Dataset section:
····················

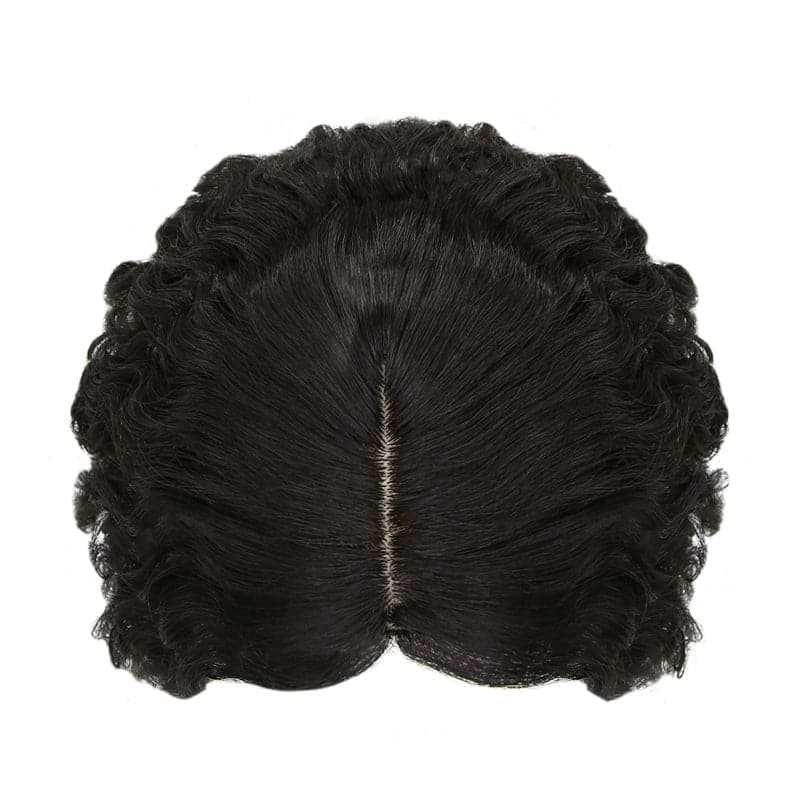 Susan ︳Curly Human Hair Topper For Thinning Crown 10*12cm Silk Base Natural Black E-LITCHI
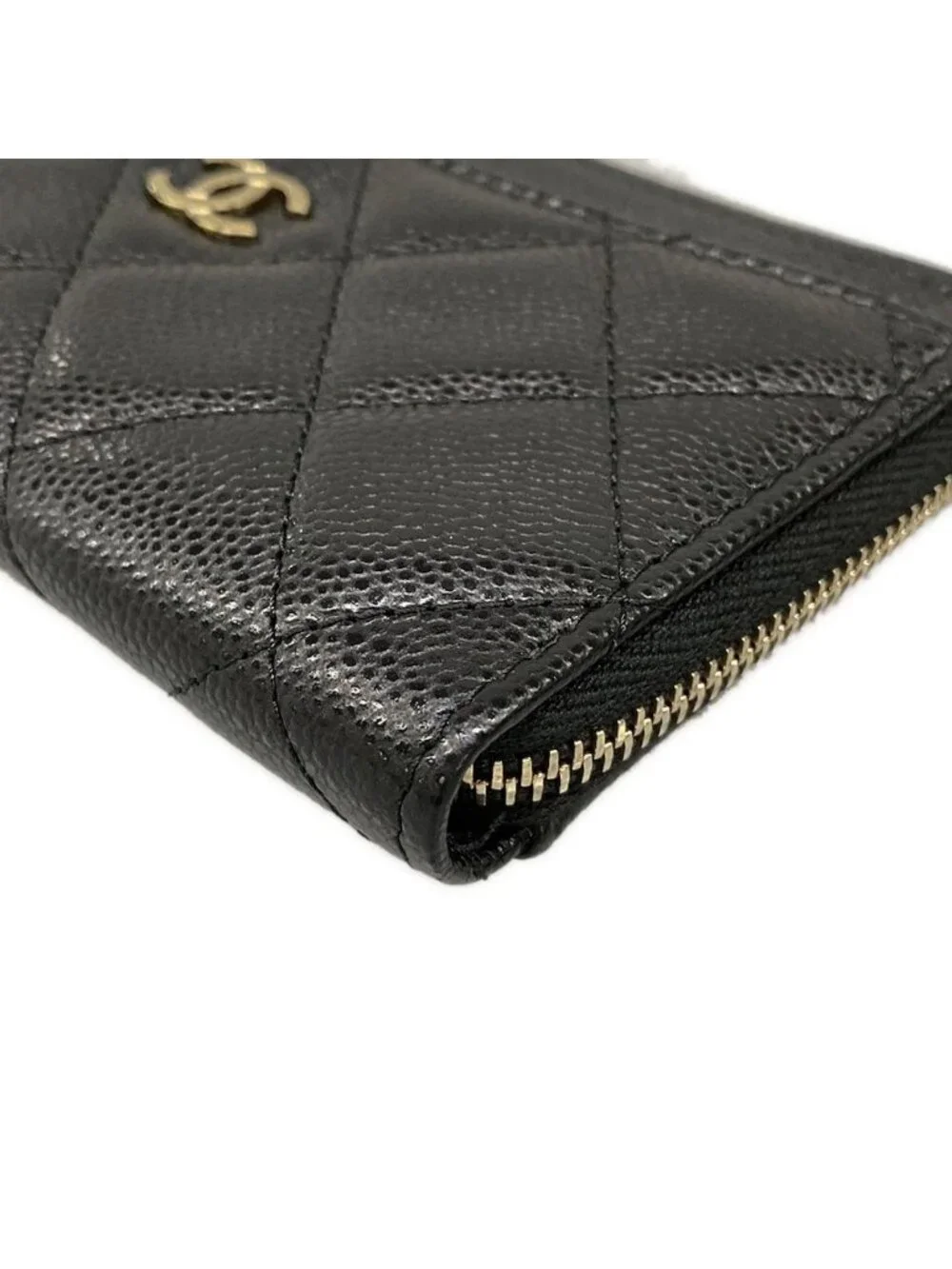 Chanel Coin Purse Classic Zip Card Case Quilted Black Gold CC Logo L-shaped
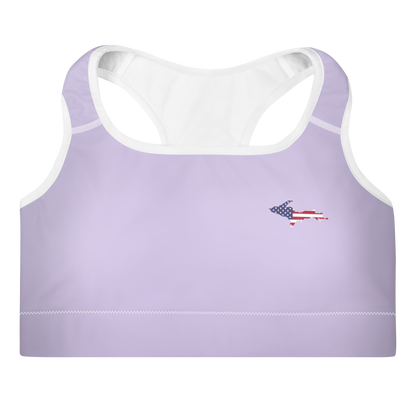 Michigan Upper Peninsula Padded Sports Bra (w/ UP USA Flag Outline) | Lavender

····················

What this task involves:
Give the listing above again in its entirety, exactly as written and free of images.

Result of the task:
 Susan ︳Curly Human Hair Topper For Thinning Crown 10*12cm Silk Base Natural Black E-LITCHI
 Chanel Coin Purse Classic Zip Card Case Quilted Black Gold CC Logo L-shaped
 Michigan Upper Peninsula Padded Sports Bra (w/ UP USA Flag Outline) | Lavender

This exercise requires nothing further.